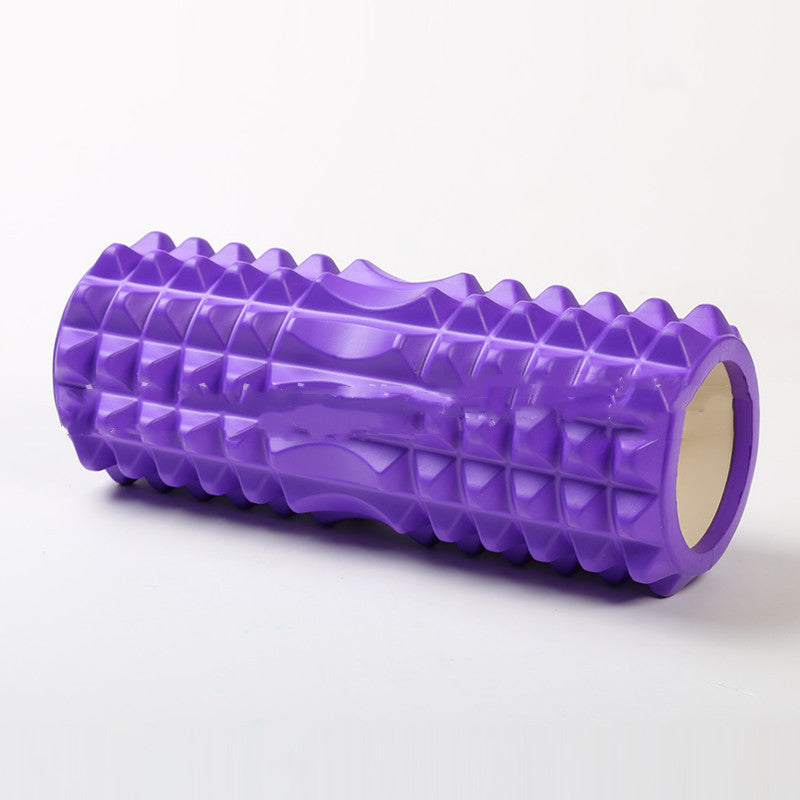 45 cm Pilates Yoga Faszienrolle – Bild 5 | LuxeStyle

* * *

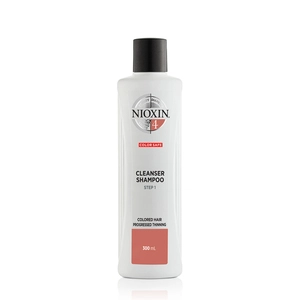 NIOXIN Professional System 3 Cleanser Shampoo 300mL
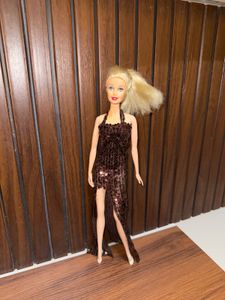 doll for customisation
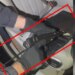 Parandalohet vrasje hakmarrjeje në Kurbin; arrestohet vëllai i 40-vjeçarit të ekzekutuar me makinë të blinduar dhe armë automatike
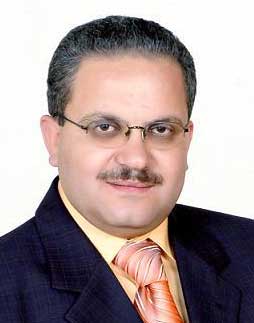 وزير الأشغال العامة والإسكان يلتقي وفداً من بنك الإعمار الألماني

**Aim of the task:** Transcribe, word for word, the lines of the listing above from the one that contains "doll for customisation" through the one that contains "وزير الأشغال العامة", keeping both ends and dropping the pictures.

**Solution to the exercise:**
 doll for customisation
 Parandalohet vrasje hakmarrjeje në Kurbin; arrestohet vëllai i 40-vjeçarit të ekzekutuar me makinë të blinduar dhe armë automatike
 وزير الأشغال العامة والإسكان يلتقي وفداً من بنك الإعمار الألماني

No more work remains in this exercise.